- _Assigned task_: The records below are to be copied exactly, with every picture left out.

- _Exercise data_:
- - - - -

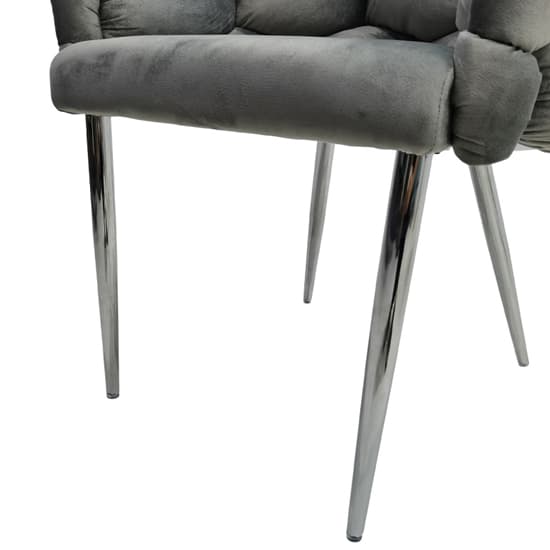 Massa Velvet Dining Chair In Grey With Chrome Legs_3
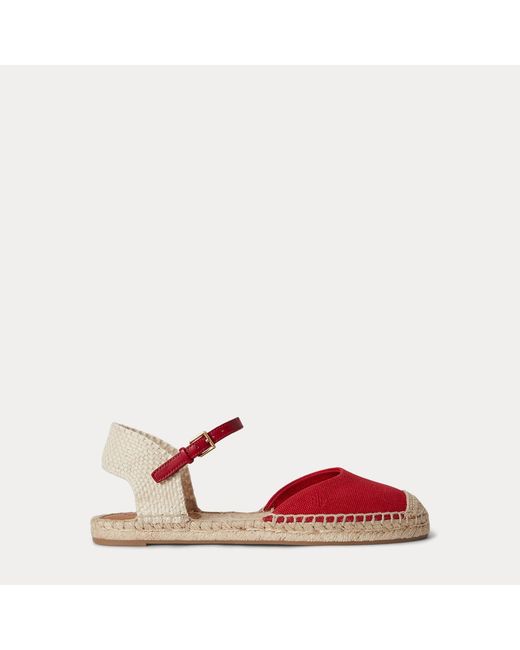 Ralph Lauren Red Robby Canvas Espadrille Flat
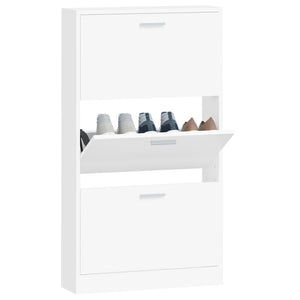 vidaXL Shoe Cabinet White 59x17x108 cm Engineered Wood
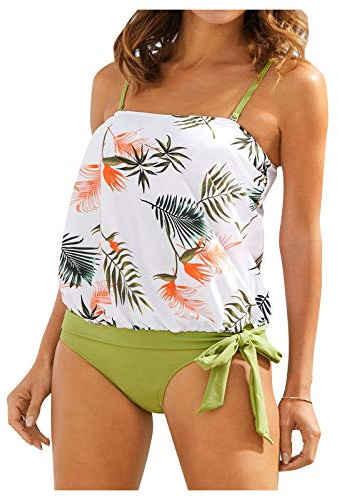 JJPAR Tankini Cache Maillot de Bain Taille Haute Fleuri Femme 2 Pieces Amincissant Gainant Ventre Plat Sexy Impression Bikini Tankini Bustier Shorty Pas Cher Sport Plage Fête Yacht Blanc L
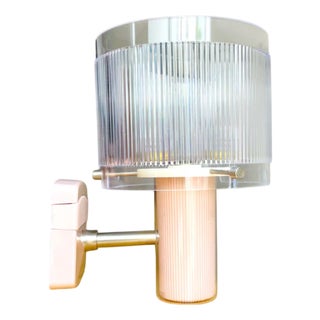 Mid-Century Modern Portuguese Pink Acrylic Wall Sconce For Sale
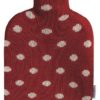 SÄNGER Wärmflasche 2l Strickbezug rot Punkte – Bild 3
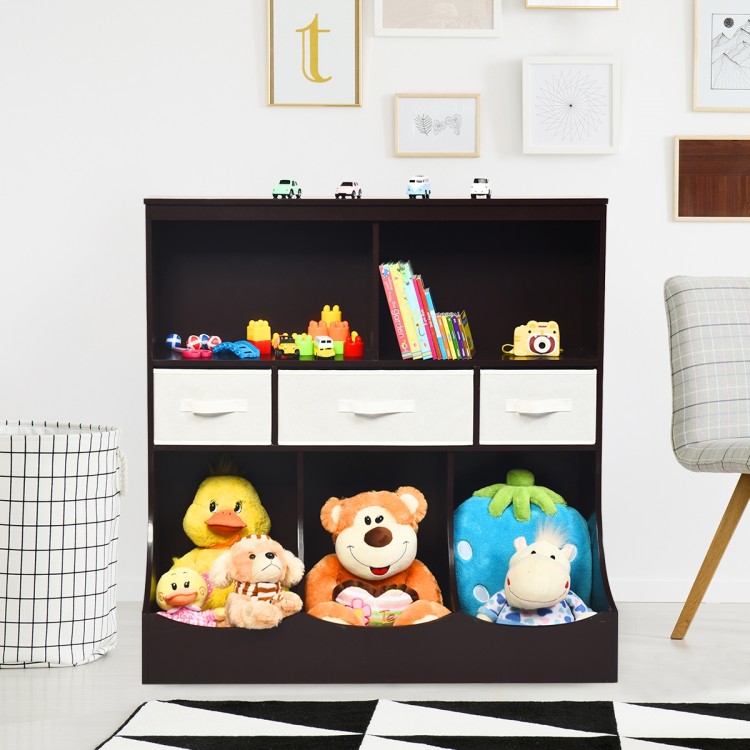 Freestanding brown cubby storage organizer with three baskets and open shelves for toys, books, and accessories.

- - - - -

- _Task result_:
 Massa Velvet Dining Chair In Grey With Chrome Legs_3
 Ralph Lauren Red Robby Canvas Espadrille Flat
 vidaXL Shoe Cabinet White 59x17x108 cm Engineered Wood
 JJPAR Tankini Cache Maillot de Bain Taille Haute Fleuri Femme 2 Pieces Amincissant Gainant Ventre Plat Sexy Impression Bikini Tankini Bustier Shorty Pas Cher Sport Plage Fête Yacht Blanc L
 Mid-Century Modern Portuguese Pink Acrylic Wall Sconce For Sale
 SÄNGER Wärmflasche 2l Strickbezug rot Punkte – Bild 3
 Freestanding brown cubby storage organizer with three baskets and open shelves for toys, books, and accessories.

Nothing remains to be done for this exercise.